## The task
Leaving the images aside, transcribe all the data below exactly.

## Supplied data
================

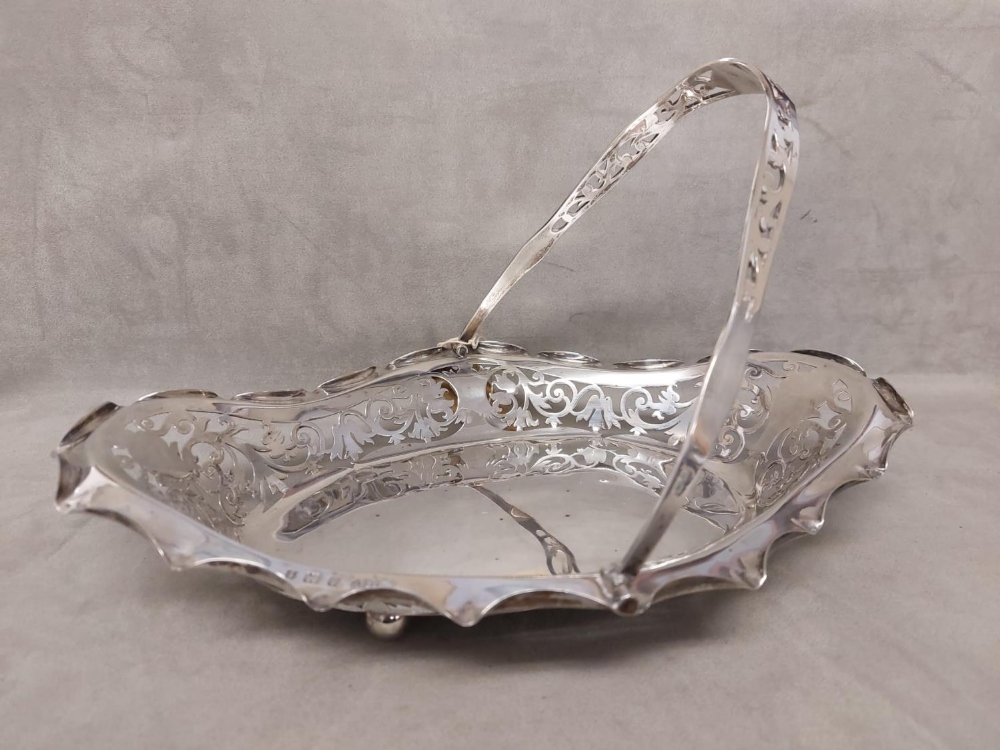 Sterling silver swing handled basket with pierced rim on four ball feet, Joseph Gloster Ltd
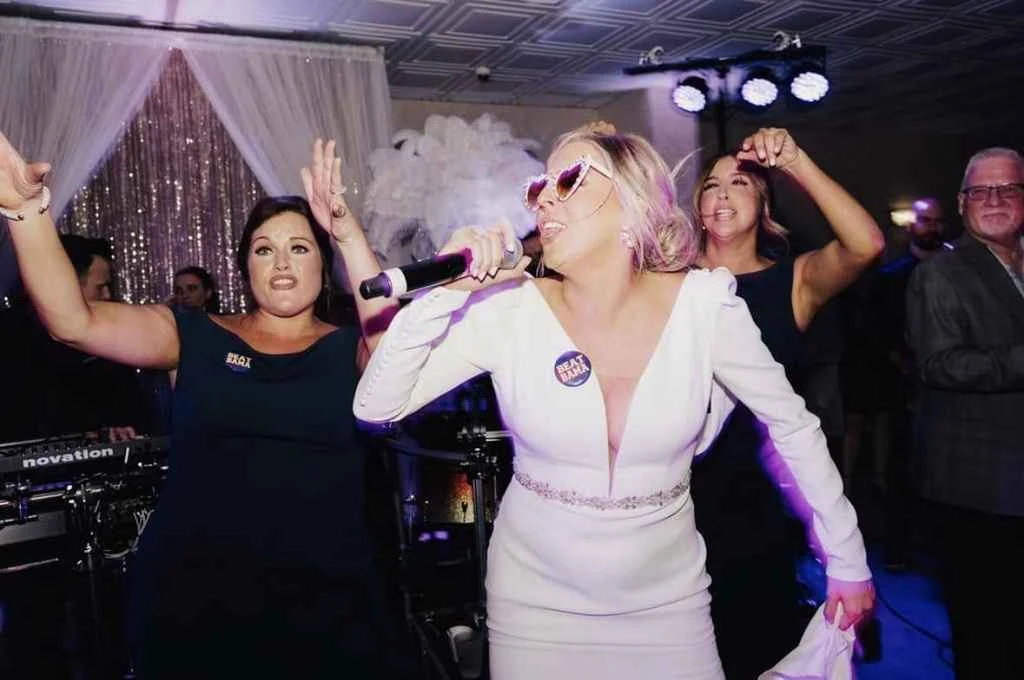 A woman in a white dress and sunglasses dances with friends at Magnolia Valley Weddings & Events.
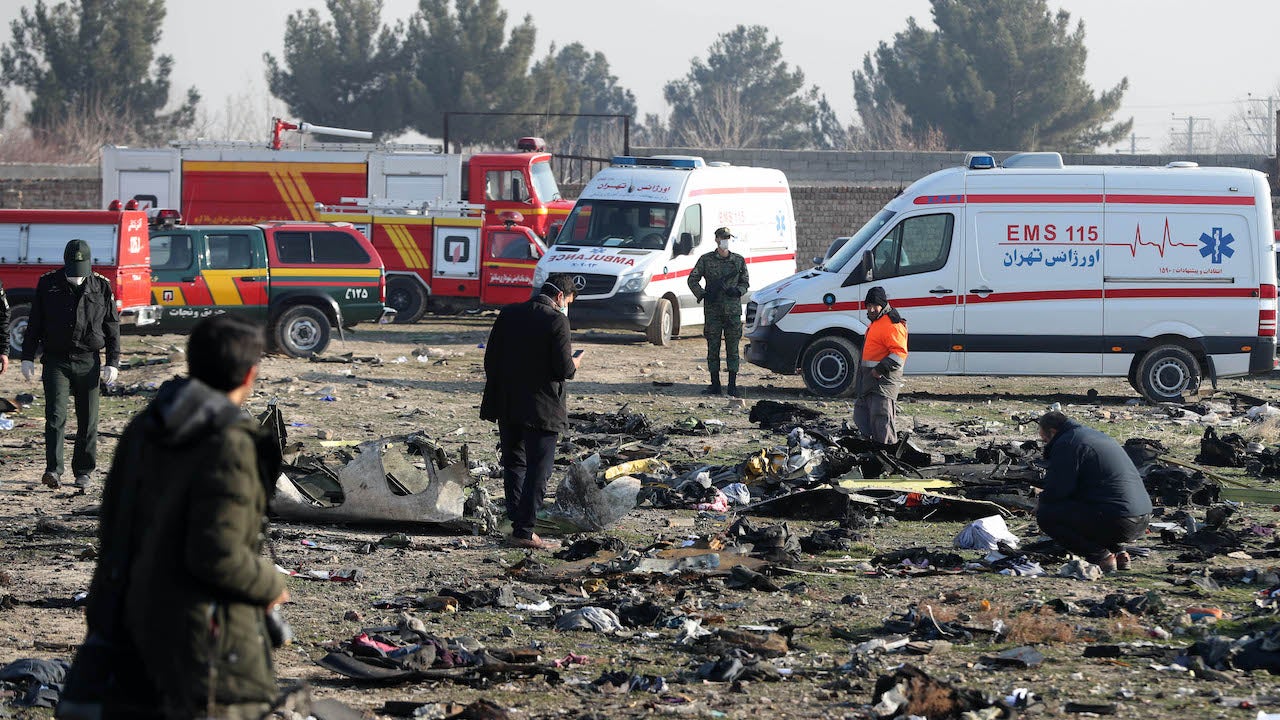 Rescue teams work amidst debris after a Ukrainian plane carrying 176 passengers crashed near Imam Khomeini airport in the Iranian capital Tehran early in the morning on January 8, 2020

================

## Solution for this task
 Sterling silver swing handled basket with pierced rim on four ball feet, Joseph Gloster Ltd
 A woman in a white dress and sunglasses dances with friends at Magnolia Valley Weddings & Events.
 Rescue teams work amidst debris after a Ukrainian plane carrying 176 passengers crashed near Imam Khomeini airport in the Iranian capital Tehran early in the morning on January 8, 2020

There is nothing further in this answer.